What to produce:
Begin the copy at the line containing "Calvin Klein Men\'s" in the data below and end it at the line containing "Cartoon Printed Plastic Lunchbox with Fork", keeping each line exact and leaving out pictures.

Records from a dataset:
────────
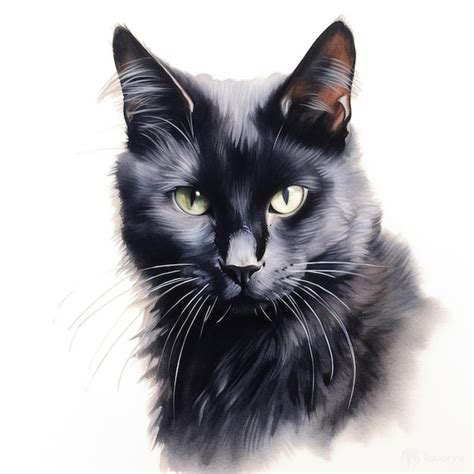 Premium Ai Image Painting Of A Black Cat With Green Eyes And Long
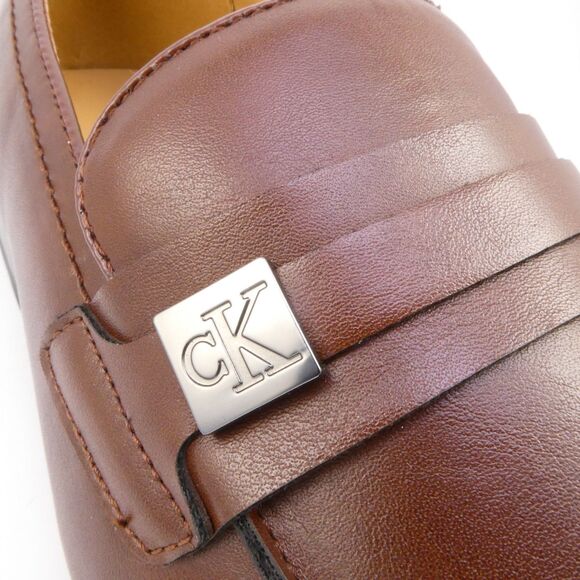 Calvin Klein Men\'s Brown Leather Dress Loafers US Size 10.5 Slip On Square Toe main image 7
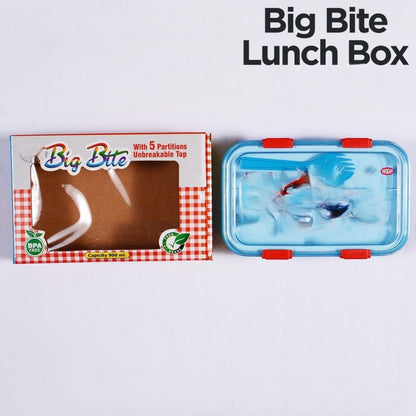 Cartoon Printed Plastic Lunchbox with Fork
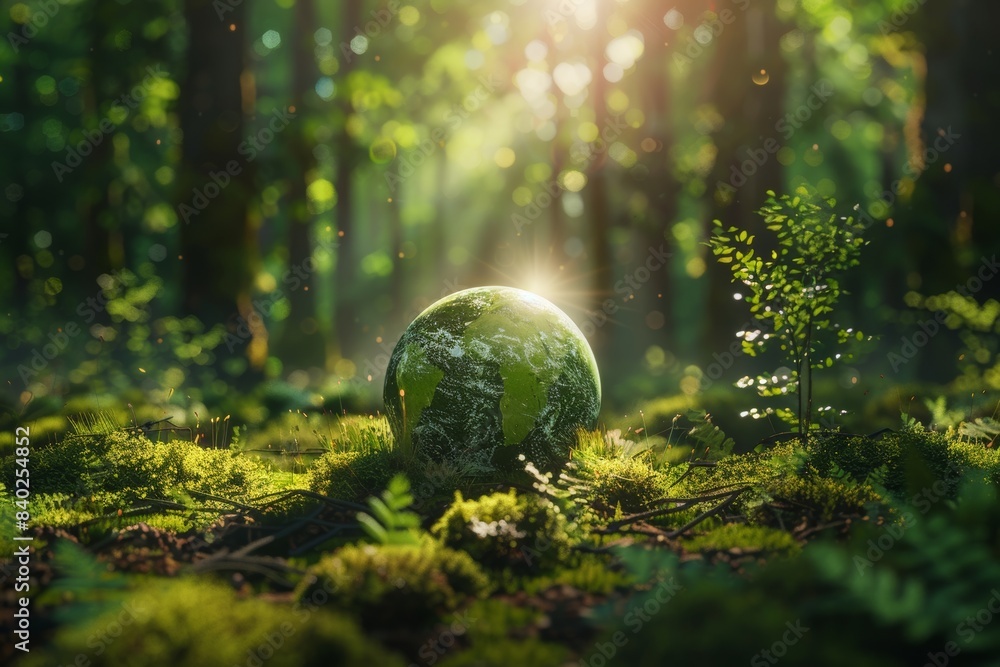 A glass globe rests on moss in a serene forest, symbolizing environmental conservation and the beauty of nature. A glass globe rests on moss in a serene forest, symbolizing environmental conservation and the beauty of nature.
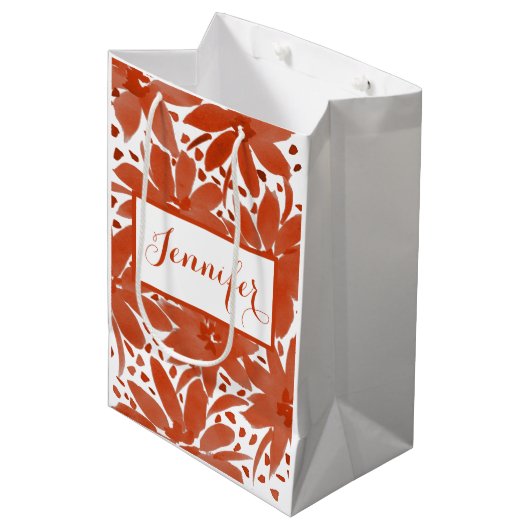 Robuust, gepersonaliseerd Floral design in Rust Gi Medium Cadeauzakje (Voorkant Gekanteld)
────────
Answer for the task:
 Calvin Klein Men\'s Brown Leather Dress Loafers US Size 10.5 Slip On Square Toe main image 7
 Cartoon Printed Plastic Lunchbox with Fork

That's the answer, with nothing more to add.